You want to use Github to avoid this:

Github gives you a clean way to track your projects. It is also very well suited to collaborative work. Historically, version control was used for software development. However, it has become broader and is now used for many types of projects, including data science projects.

To learn a bit more about Git/Github and why you might want to use it, read this article by Jenny Bryan. Note her explanation of what’s special with the README.md file on Github.

What to (not) use Git/Github for

Github is ideal if you have a project with a fair number of files, most of those files are text files (such as code, LaTeX, (R)markdown, etc.) and different people work on different parts of the project.

Github is less useful if you have a lot of non-text files (e.g. Word or Powerpoint) and different team members might want to edit the same document at the same time. In that instance, a solution like Google Docs, Word+Dropbox, Word+Onedrive, etc. might be better.

How to use Git/Github

Git and Github is fundamentally based on commands you type into the command line. Lots of online resources show you how to use the command line. This is the most powerful, but also most confusing way to use Github. I pretty much never use the command line. Instead, I use a graphical interface, and I recommend you do the same (at least initially). There are several options for such graphical interfaces. Github itself provides a grapical interface with basic functionality. RStudio also has Git/Github integration. Of course this only works for R project Github integration. There are also third party Github clients, which in my opinion provide the most powerful, flexible and best means to use Github. Those clients have many advanced features, most of which you won’t need initially but might eventually. I currently use and recommend (in general and for this course) a software called Gitkraken. You can get a free version of Gitkraken that can do pretty much everything we need. The one important limitation is that the free version does not allow you to access private repositories. As student, you can (and should) upgrade to the Pro version for free, see the Github developer pack section below on how to do it. By using Gitkraken for your Github workflow, you do not need to go through the command line (unless things get so bad that you can’t fix them inside Gitkraken). You also do not need to install Git separately, you get it with Gitkraken. For this course, I assume you will be using the Pro version of Gitkraken. If you are already an experienced Github user and have your own preferred setup (e.g. the command line or some other 3rd party software), you are certainly welcome to stick with your workflow. I assume if you are at that level of Github skills, you are experienced enough to translate my Gitkraken-centric instructions to your setup.

Git/Github terminology

Git/Github has a lot of specialized terminology that takes getting used to. The Github folks posted a handy page with short descriptions of some of the important terms. Some of the terms you will encounter soon are Repository (also often called repo), User, Organization, Branch, Fork, Push, Pull, Commit and Stage. For some reason, the last term is not explained in the list linked to above. Staging is the step you need to do after you made changes and before you commit them. For pretty much all of my work, I find this a not too helpful extra step, but you need to know what it means and you need to do/use it as part of the Github workflow.
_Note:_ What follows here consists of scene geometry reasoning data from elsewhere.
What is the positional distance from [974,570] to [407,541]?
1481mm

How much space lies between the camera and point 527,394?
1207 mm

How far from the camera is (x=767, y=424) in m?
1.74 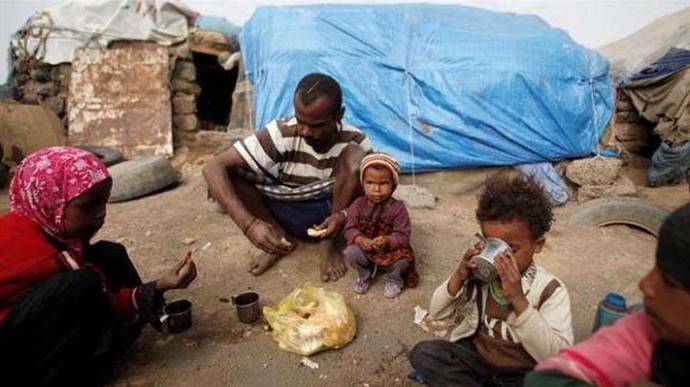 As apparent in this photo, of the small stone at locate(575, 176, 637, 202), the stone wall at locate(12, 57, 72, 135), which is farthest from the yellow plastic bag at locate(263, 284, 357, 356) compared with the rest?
the stone wall at locate(12, 57, 72, 135)

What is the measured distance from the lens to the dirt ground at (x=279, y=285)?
78.8 inches

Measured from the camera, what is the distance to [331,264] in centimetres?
287

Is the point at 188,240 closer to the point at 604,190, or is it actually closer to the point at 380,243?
the point at 380,243

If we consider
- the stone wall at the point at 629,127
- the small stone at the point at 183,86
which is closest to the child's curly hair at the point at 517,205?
the stone wall at the point at 629,127

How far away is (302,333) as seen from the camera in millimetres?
2074

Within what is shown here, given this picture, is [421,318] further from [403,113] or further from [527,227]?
[403,113]

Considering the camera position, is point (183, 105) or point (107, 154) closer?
point (107, 154)

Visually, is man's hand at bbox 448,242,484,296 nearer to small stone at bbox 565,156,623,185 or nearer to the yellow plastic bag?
the yellow plastic bag

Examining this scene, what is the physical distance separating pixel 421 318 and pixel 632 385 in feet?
4.97

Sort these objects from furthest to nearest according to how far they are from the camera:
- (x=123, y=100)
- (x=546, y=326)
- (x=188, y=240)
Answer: (x=123, y=100)
(x=188, y=240)
(x=546, y=326)

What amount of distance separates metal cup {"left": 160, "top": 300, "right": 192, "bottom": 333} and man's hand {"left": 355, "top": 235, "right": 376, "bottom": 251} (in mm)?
957

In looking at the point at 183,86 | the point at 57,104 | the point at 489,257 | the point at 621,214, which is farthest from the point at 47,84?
the point at 621,214

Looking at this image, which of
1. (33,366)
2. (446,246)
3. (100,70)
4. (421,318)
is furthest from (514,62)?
(100,70)

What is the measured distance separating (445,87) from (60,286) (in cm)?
449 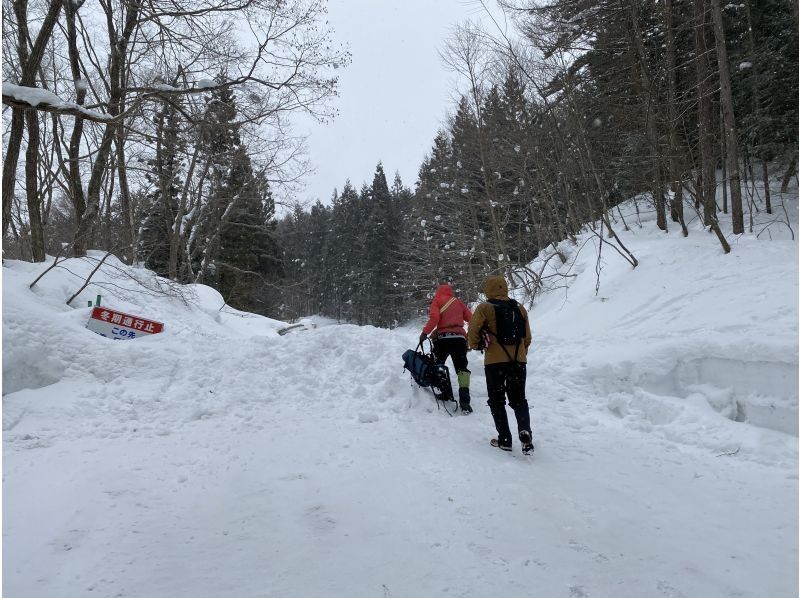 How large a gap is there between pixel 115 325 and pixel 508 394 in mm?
6517

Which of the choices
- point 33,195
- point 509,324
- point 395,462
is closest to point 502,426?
point 509,324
Git/Github and other cloud based sync options

You should think of Github as a more controlled, a bit more complex alternative to systems such as Dropbox, OneDrive, GoogleDrive, Box, etc. With the Github workflow, you can work locally on different machines, and everything is backed up in the cloud (on github.com). The (sometimes annoying) difference to Dropbox & Co is that the syncing between your local computer and Github.com is not automatic. So don’t forget to pull before you start work on a repository and push once you are done!

Because Github works similar to Dropbox, I have heard/read people say that it is a bad idea to locally store your Github repositories in a folder that is synced by Dropbox. If you do, the Dropbox sync process and the Github sync process can conflict, leading to a mess. So for any Github repository, store it locally in a folder that is not synced across your computers by another software (such as Dropbox, OneDrive, Box, etc.)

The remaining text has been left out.